La justice française a interdit vendredi à Google (GOOG) de poursuivre la numérisation d'ouvrages sans l'autorisation des éditeurs et a condamné le géant américain de l'internet à leur verser 300 000 euros de dommages et intérêts.

Les éditeurs français contestaient la décision de Google de lancer en 2005 un programme de numérisation de millions de livres provenant notamment de grandes bibliothèques américaines et européennes.

À l'audience, Google avait contesté la compétence de la justice française sur le dossier, la numérisation des livres ayant eu lieu aux Etats-Unis, et défendu le droit à l'information des utilisateurs. Mais le tribunal de grande instance de Paris a estimé qu'il avait tout à fait compétence à trancher ce litige.

Selon le tribunal, «en reproduisant intégralement et en rendant accessibles des extraits d'ouvrages» sans l'autorisation des ayants-droit, «la société Google a commis des actes de contrefaçon de droits d'auteur au préjudice des éditions» du groupe La Martinière, au premier rang desquelles les éditions du Seuil, ainsi qu'au préjudice du Syndicat national de l'édition (SNE) et de la Société des gens de lettres (SGDL).

A ce titre, le tribunal a «interdit à Google la poursuite de ces agissements sous astreinte de 10 000 euros par jour de retard». Google a un mois pour se mettre en conformité. Il devra également faire publier sa condamnation dans trois journaux ou périodiques.

Par ailleurs, Google devra payer 300 000 euros de dommages et intérêts aux éditeurs concernés, propriété du groupe La Martinière, et un euro au SNE et à la SGDL. Le groupe La Martinière demandait 15 millions d'euros de dommages et intérêts.

Le président du SNE, Serge Eyrolles, a aussitôt qualifié ce jugement de «grande victoire».

Constatant que Google avait numérisé, sans son autorisation, des centaines d'ouvrages accessibles sur «Google book search» ou «Google recherche de livres», et qu'il permettait aux internautes d'accéder à la reproduction complète des couvertures des ouvrages ainsi qu'à des extraits, le groupe La Martinière avait assigné le site en justice.

A l'audience, l'avocat de La Martinière, Me Yann Colin, avait jugé ce système «illégal, dangereux et dommageable aux éditeurs».

Alors que les éditeurs dénonçaient plus de 10 000 ouvrages contrefaits, vendredi, le tribunal n'en a retenu que 300.
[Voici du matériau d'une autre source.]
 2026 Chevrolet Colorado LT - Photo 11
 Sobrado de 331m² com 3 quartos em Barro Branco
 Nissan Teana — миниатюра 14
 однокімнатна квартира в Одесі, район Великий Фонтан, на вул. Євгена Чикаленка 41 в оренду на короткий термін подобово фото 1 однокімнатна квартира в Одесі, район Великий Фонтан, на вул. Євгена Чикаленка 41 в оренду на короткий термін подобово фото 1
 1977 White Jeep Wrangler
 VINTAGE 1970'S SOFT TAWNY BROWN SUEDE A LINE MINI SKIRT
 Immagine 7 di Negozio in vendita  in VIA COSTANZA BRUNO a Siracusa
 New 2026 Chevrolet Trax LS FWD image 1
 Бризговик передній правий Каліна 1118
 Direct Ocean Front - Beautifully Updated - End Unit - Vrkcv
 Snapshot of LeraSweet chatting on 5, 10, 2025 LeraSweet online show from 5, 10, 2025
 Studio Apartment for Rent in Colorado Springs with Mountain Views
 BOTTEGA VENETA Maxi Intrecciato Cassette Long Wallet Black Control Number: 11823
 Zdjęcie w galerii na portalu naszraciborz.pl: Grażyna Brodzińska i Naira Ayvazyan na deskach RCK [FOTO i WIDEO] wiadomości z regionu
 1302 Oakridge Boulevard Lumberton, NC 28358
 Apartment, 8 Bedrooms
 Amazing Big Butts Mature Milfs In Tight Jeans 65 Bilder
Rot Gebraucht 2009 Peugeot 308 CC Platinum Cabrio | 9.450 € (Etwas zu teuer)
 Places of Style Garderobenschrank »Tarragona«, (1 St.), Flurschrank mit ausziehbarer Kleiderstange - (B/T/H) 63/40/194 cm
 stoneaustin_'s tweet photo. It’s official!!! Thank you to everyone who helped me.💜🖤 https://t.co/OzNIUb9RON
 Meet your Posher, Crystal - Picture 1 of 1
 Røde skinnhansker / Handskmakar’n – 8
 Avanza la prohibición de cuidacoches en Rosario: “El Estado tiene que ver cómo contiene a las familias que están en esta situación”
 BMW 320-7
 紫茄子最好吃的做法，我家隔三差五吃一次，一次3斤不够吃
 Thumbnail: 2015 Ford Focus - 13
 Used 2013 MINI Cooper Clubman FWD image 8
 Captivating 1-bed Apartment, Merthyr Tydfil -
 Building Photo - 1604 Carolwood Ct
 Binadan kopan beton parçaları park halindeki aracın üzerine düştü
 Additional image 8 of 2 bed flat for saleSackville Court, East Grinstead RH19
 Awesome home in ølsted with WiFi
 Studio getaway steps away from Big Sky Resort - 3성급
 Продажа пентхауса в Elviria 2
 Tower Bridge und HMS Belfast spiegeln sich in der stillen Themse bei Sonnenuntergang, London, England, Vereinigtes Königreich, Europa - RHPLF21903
«La numérisation d'une oeuvre (...) constitue une reproduction de l'oeuvre qui requiert en tant que telle, lorsque celle-ci est protégée, l'autorisation préalable de l'auteur ou de ses ayants-droit», selon le tribunal.

L'avocate de Google, Me Alexandra Neri, avait estimé que «Google recherche de livres n'est pas une bibliothèque, mais un outil de recherche documentaire», qui ne met en ligne que de brefs extraits des ouvrages relevant du droit de citation, pour lequel l'opérateur n'a pas à verser de droits aux auteurs.

Aux Etats-Unis, un juge doit examiner le 18 février un accord révisé entre Google et un regroupement d'auteurs et d'éditeurs américains qui permettrait au géant de l'internet de numériser et vendre en ligne des millions d'ouvrages.